**RECORDS FOR THE TASK:**

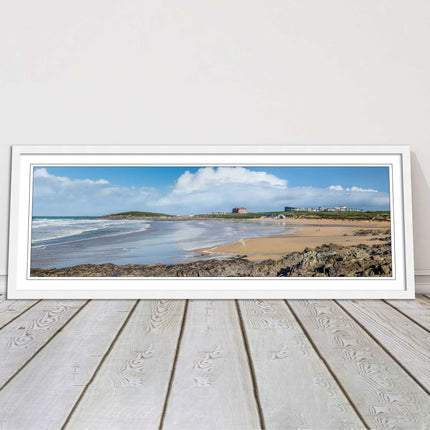 Fistral Beach, Newquay. Panoramic framed picture print, Cornwall beach scene.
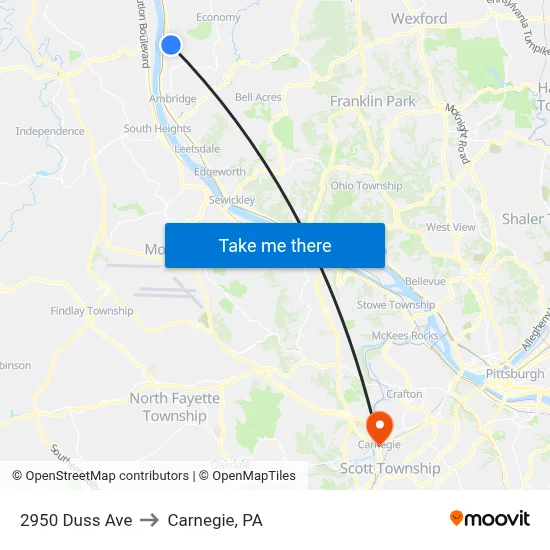 2950 Duss Ave to Carnegie, PA map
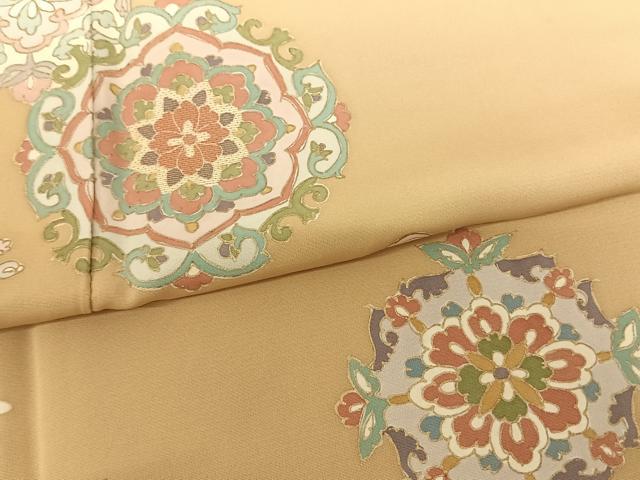 平和屋着物●訪問着 駒刺繍 吉祥花文 金彩 正絹 逸品 AABF0687fy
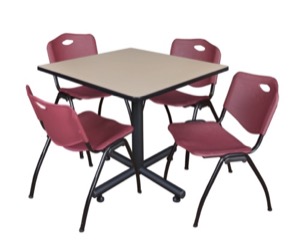 Kobe 36" Square Breakroom Table - Beige & 4 'M' Stack Chairs - Burgundy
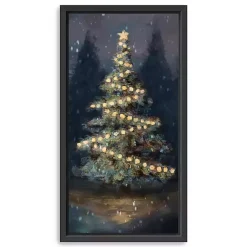 Sale Dreamy Christmas Tree Framed Canvas Art, 22x42 in. Christmas Art & Wall Decor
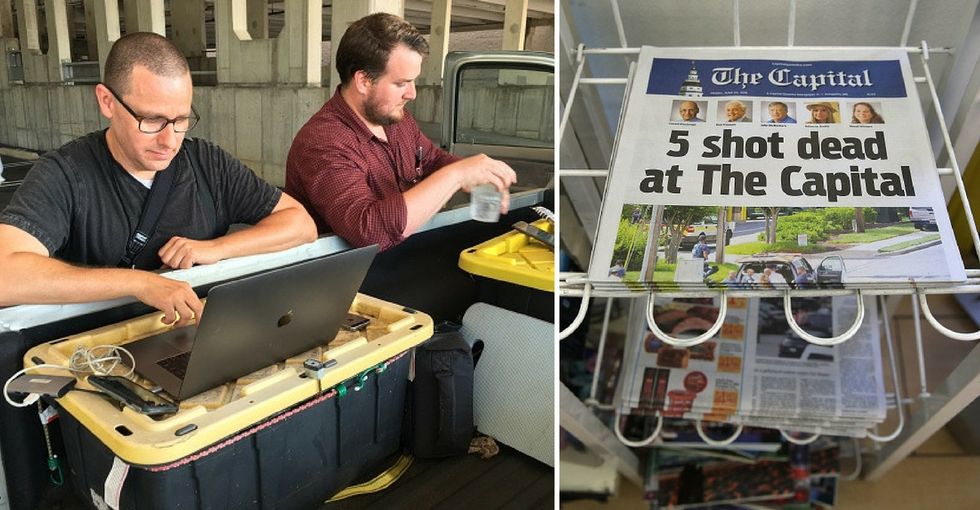 A mass shooting in its newsroom didn't stop the Capital Gazette from publishing today.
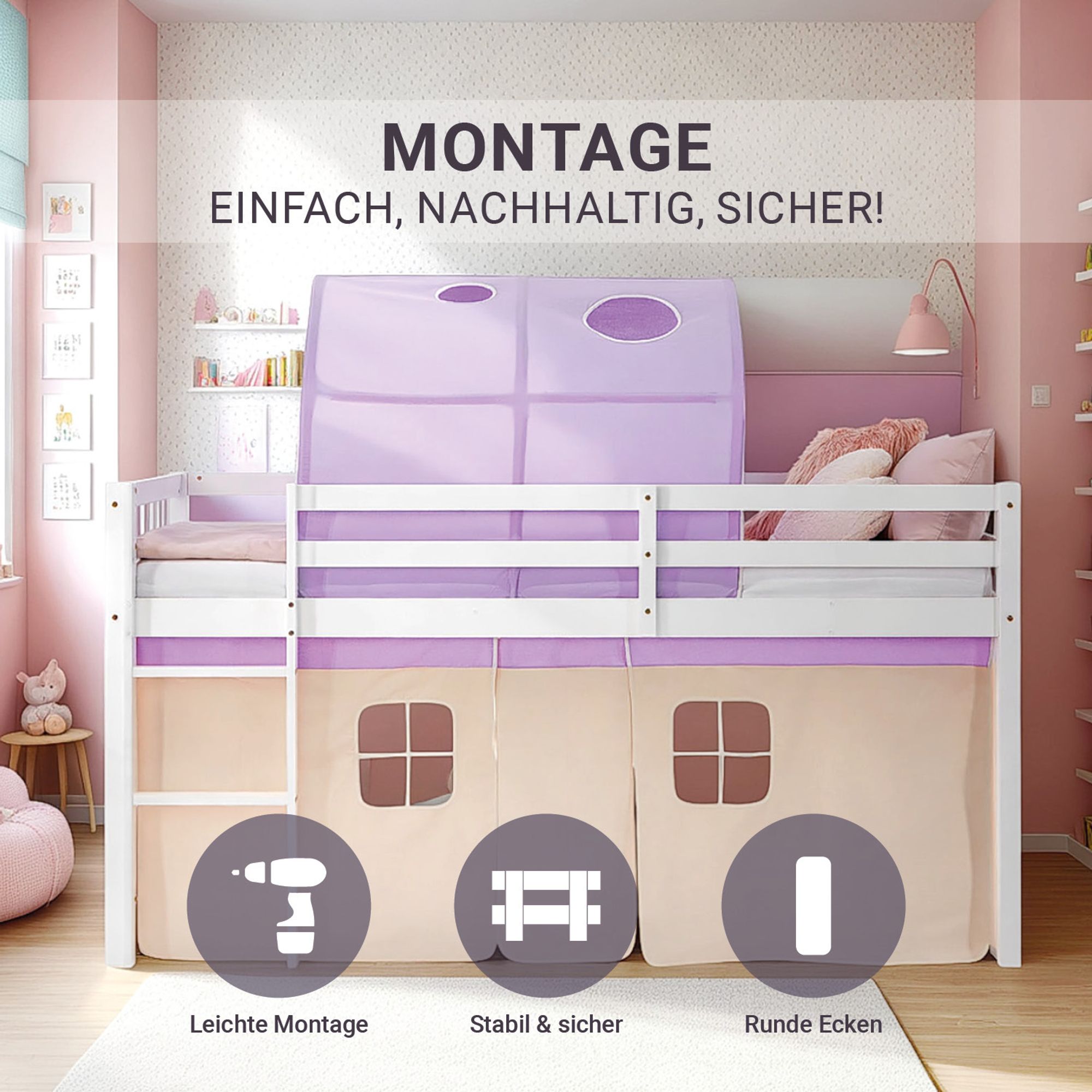 modernes Hochbett mit einfacher Montage und abgerundeten Ecken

**PROBLEM:** Above are some records. Reproduce the lines from the one with "Chairs - Burgundy" down to the one with "A mass shooting", keeping both, and leave every picture out.

**RESPONSE TO THIS TASK:**
 Kobe 36" Square Breakroom Table - Beige & 4 'M' Stack Chairs - Burgundy
 Sale Dreamy Christmas Tree Framed Canvas Art, 22x42 in. Christmas Art & Wall Decor
 A mass shooting in its newsroom didn't stop the Capital Gazette from publishing today.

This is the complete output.